2012 Mazda5 Grand Touring ReviewMarch 27, 2012
- Smart storage ideas.
- Comfy second row seats.
- Solid city driver.
- Third-row seats are for kids only.
- Front-wheel drive has traction issues on ice.
- Cargo capacity limited by second-row seats.
A valid alternative to the giant minivan or too-small wagon for suburbanites in warm climates.
A value-price minivan/wagon mashup with seating for six and decent fuel economy.
After a week in the Mazda5, I came to love its relatively sporty handling—it takes corners like a wagon, not a minivan. My kids loved having captain’s chairs in the second row. And while the 157-hp, 4-cyl. engine is no screamer up mountain roads at altitude, the surprising 168-lb ft of torque shot the vanagon out of corners faster than I expected. The fuel economy did better than the EPA sticker. I averaged 25.3 mpg over 157 miles of testing.

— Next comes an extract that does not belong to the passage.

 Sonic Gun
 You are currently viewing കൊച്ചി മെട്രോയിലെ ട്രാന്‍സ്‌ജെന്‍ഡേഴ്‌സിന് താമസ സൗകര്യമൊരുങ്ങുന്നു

With its high roofline, interior headroom is fantastic, yet because of the Mazda5’s low ground clearance (5.5 inches), the roof isn’t that high when viewed from the outside. It’s an ideal height for access to a roof rack loaded with bikes, boats, or surfboards. In fact with its sliding second doors, this Mazda struck me as the absolute perfect support vehicle for bike racing. I had a vision of a soigner handing water bottles out the vast second row window to a domestique, or sliding the door open to work on a rear derailleur while cruising down the road at 25 mph.
Underneath each second row seat is a hidden tray that can hold a messenger bag or other valuables that you want to keep out of sight. It’s a clever use of space that’s normally wasted. One downside to the sweet captain’s chair setup is that there’s no way to make the seats fold flat to create a vast even surface that stretches from the rear liftgate to the back of the front seats. And there’s no easy way to remove the seats without unbolting them from the floor. This makes stuffing bikes or other large cumbersome objects inside problematic. I could do it, but I didn’t because I didn’t want to chance ripping the seats or smearing grease on them. I’d advise saving a large sheet of cardboard or a moving blanket and draping it over those seats for protect protection whenever you dump something on top of them.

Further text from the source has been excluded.